What to produce = For this exercise, retype the lines from the one that holds "2016 Subaru Outback" through the one that holds "Działka siedliskowa Cimanie. Zdjęcie 17" in the records below, both included, exactly and without pictures.

Given data =
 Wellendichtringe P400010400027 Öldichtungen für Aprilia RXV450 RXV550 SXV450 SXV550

==

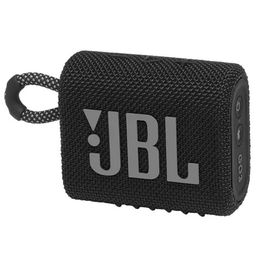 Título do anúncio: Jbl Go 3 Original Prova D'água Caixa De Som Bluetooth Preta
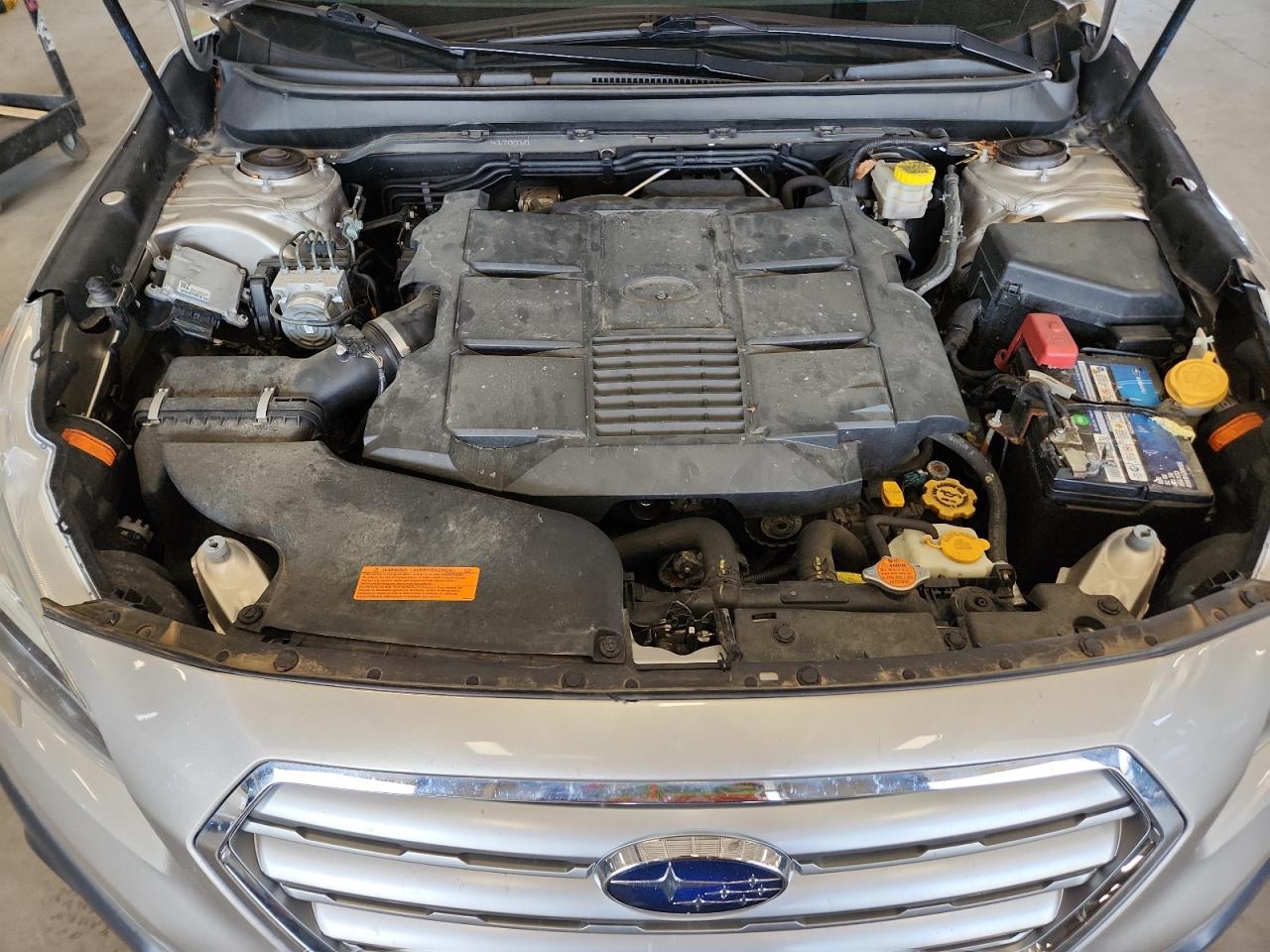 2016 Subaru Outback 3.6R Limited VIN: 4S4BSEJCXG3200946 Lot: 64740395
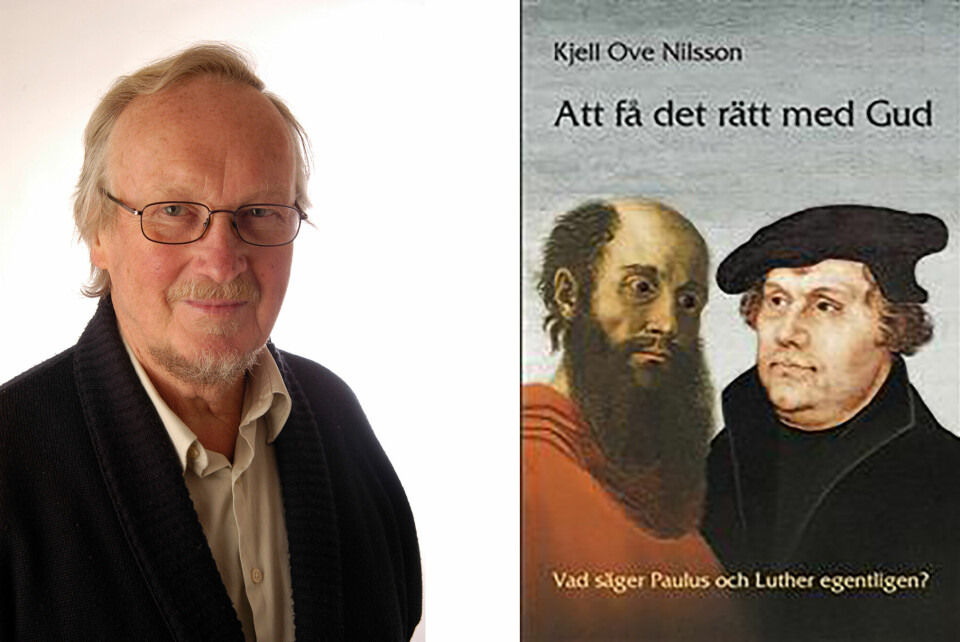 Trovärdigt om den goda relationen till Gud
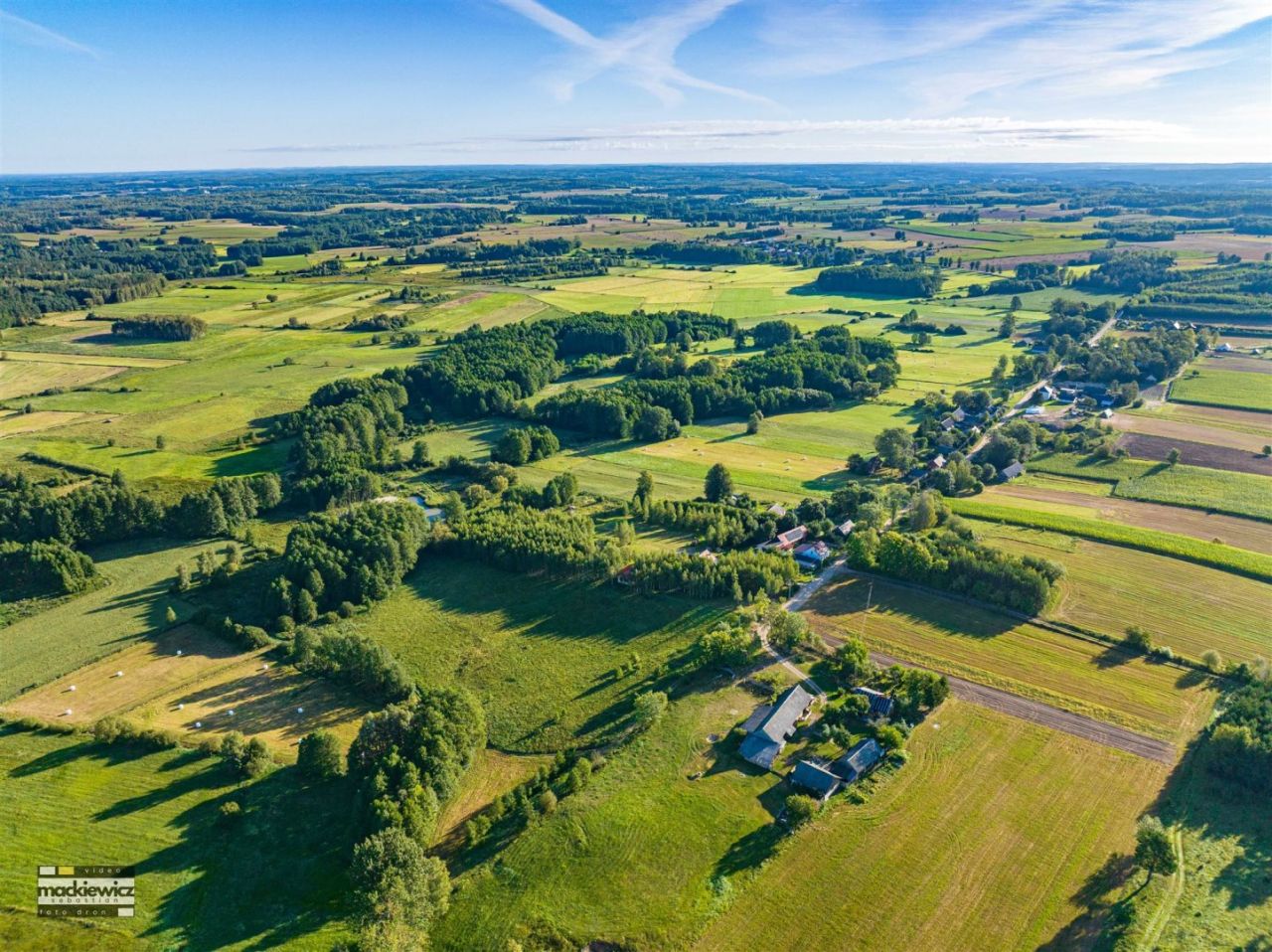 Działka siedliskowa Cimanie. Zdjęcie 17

...

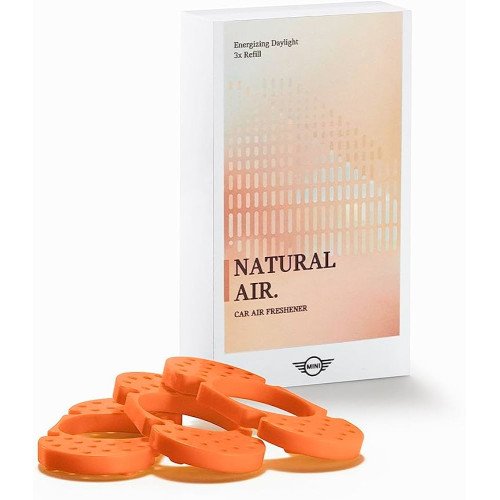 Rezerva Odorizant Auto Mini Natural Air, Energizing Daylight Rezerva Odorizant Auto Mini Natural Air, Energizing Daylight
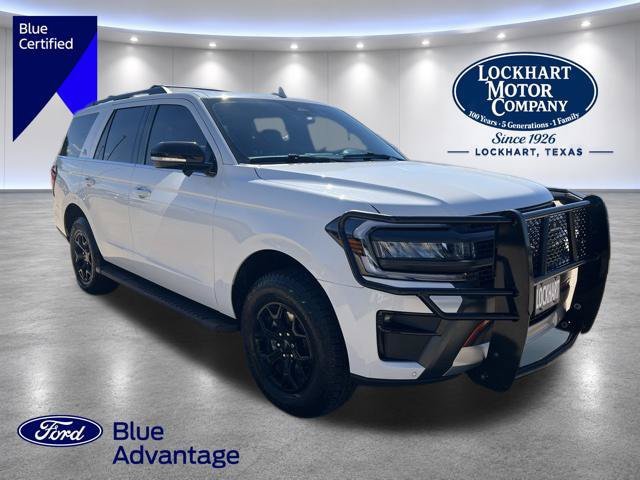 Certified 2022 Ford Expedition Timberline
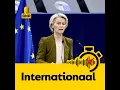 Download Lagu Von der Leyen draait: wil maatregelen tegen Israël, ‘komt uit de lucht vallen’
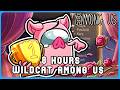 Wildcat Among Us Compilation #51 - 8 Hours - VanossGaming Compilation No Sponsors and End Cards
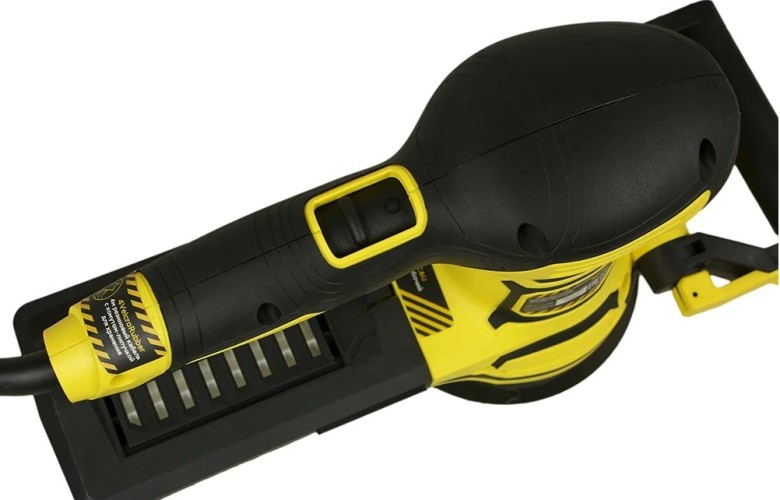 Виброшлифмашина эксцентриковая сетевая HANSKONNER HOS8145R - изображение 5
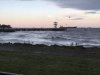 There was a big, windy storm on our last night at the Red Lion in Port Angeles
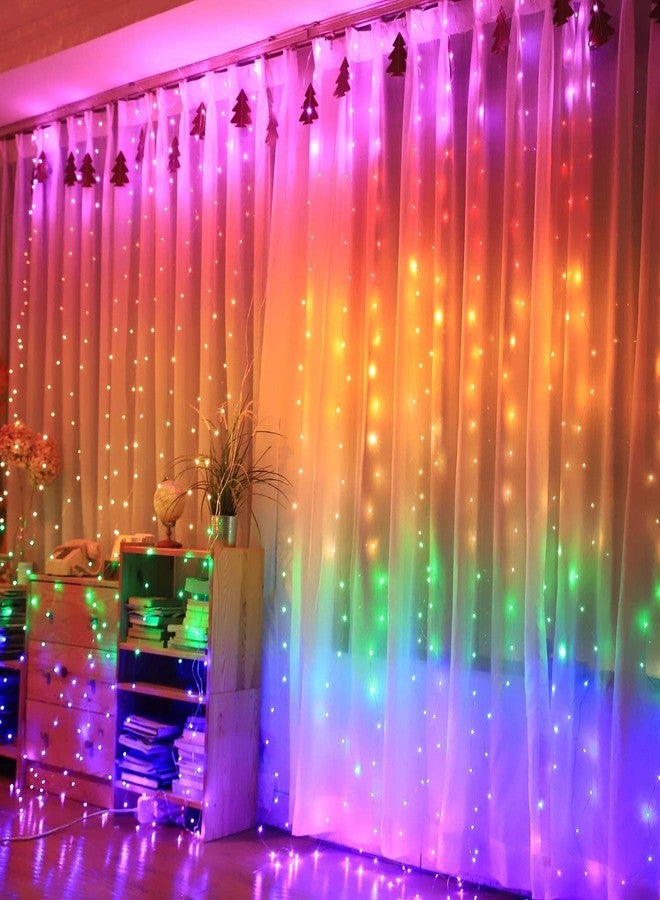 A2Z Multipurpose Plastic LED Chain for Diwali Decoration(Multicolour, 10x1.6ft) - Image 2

Answer space =
 2016 Subaru Outback 3.6R Limited VIN: 4S4BSEJCXG3200946 Lot: 64740395
 Trovärdigt om den goda relationen till Gud
 Działka siedliskowa Cimanie. Zdjęcie 17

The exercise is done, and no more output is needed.